● **RECORDS PROVIDED**:
^^^^^^^^^^^^^^^^

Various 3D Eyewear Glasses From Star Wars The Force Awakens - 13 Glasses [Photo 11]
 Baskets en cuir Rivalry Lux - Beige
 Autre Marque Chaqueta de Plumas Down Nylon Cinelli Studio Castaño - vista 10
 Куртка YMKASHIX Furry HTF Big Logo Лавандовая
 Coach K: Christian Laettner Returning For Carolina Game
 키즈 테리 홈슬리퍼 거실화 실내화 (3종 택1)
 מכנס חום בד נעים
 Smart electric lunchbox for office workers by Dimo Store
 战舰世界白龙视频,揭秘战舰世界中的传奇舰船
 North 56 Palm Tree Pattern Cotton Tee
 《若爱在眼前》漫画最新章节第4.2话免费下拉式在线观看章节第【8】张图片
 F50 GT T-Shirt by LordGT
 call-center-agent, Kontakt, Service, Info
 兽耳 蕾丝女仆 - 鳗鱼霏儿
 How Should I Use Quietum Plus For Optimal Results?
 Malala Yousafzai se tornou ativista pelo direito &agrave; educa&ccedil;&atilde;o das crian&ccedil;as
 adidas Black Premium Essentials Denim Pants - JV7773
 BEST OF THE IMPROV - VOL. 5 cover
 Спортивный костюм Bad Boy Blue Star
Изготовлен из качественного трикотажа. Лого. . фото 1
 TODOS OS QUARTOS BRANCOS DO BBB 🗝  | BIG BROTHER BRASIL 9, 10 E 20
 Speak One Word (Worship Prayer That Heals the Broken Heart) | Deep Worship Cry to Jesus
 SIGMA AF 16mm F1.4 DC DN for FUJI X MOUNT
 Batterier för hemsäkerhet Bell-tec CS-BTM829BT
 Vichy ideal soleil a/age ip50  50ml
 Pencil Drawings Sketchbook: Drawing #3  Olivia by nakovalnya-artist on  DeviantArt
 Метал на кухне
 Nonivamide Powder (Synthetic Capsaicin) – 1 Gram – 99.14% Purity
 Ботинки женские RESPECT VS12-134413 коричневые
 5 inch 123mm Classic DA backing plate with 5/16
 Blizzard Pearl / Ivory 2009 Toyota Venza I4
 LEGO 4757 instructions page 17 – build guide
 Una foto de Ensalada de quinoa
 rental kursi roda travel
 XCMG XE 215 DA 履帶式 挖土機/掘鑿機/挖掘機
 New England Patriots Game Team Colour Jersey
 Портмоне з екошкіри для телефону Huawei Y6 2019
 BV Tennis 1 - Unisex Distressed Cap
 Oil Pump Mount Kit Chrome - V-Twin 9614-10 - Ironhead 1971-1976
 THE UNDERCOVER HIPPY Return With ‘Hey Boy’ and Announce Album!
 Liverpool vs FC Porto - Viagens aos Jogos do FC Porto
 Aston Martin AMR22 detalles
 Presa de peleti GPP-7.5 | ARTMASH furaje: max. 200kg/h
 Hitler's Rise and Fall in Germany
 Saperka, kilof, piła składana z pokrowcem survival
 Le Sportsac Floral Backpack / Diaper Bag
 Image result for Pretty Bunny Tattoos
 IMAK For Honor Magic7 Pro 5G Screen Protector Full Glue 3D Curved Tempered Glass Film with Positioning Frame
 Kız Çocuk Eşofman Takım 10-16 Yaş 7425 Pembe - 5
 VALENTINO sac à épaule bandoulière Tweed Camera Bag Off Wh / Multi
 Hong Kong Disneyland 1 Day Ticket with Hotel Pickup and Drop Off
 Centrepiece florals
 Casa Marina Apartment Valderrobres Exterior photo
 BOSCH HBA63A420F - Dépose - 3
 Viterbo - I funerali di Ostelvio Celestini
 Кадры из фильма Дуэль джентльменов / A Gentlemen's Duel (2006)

^^^^^^^^^^^^^^^^

Whichever lines of the data include the word "Game", pull them out.

 Coach K: Christian Laettner Returning For Carolina Game
 New England Patriots Game Team Colour Jersey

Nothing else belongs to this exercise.